Casual talks during a International Monetary Fund (IMF) meeting that the headquarters could be based in Beijing in 10 years are recognition of the growing weight and contribution of emerging market economies. Chinese people shouldn’t take it too seriously, said Jin Zhongxia, an IMF executive director from China, in an exclusive interview with China Business Network on July 30.
IMF Managing Director Christine Lagarde said that emerging market economies should be better represented at the IMF if current growth trends continue, when introducing the newly released IMF World Economy Outlook at the Washington-based think tank Center for Global Development.

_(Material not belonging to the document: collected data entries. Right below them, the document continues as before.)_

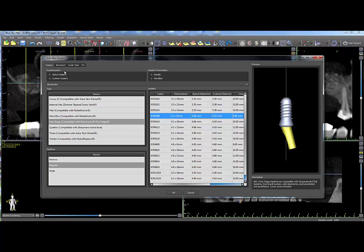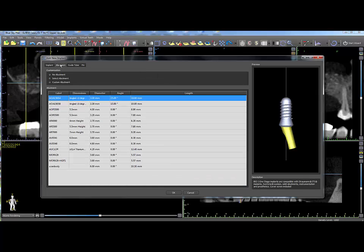To add an abutment, click on the Abutment tab on the top, click Select Abutment if not already selected, then choose the abutment desired.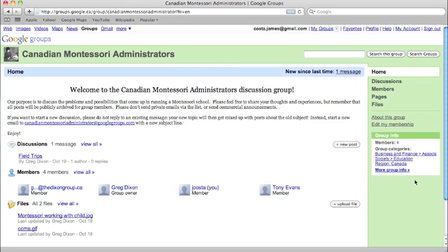Alright, now you've been set up with a Google account and you're in the CMA group. I want to quickly show you the basic functions that Google Groups provides us so you can join discussions and post files.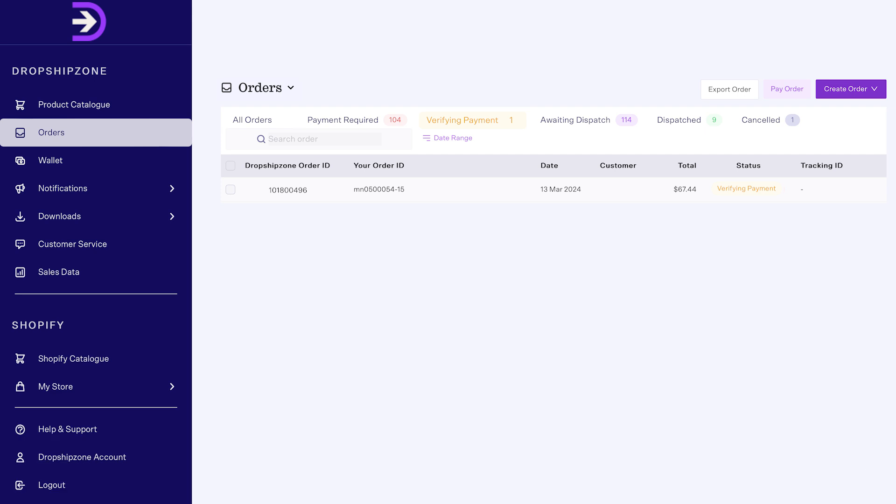Orders will be under the Verifying Payment tab until finalized. This status indicates that PayPal is either checking the payment, or the payment process wasn't completed. If this status remains for more than one day, please contact your account manager for further assistance.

Lagarde’s comments are recognition of emerging market economies including China, and also a incentive for developed countries. Her main point is the current growth trend and growing weight and contribution of the emerging economies, Jin told China Business Network.
IMF rules require the organization’s headquarters to be based in the largest economy among member-states in terms of quota—and not GDP, noted Jin. China is now the third-largest shareholder in the IMF, after the U.S. and Japan.
In terms of GDP, China is the second largest economy, but GDP accounts for 50 percent and is only one factor in the IMF. China could exceed the U.S. GDP in two decades, but it would be very hard and not very likely that China could do this in one decade, the executive director predicted.
The IMF revises the voting structure every five years based on the quota review. Though China’s voting power in the IMF has increased, the gap between China and the U.S. is still large. China’s voting power could overtake the U.S. in a decade, and IMF’s relocation to Beijing is possible, said China Business Network.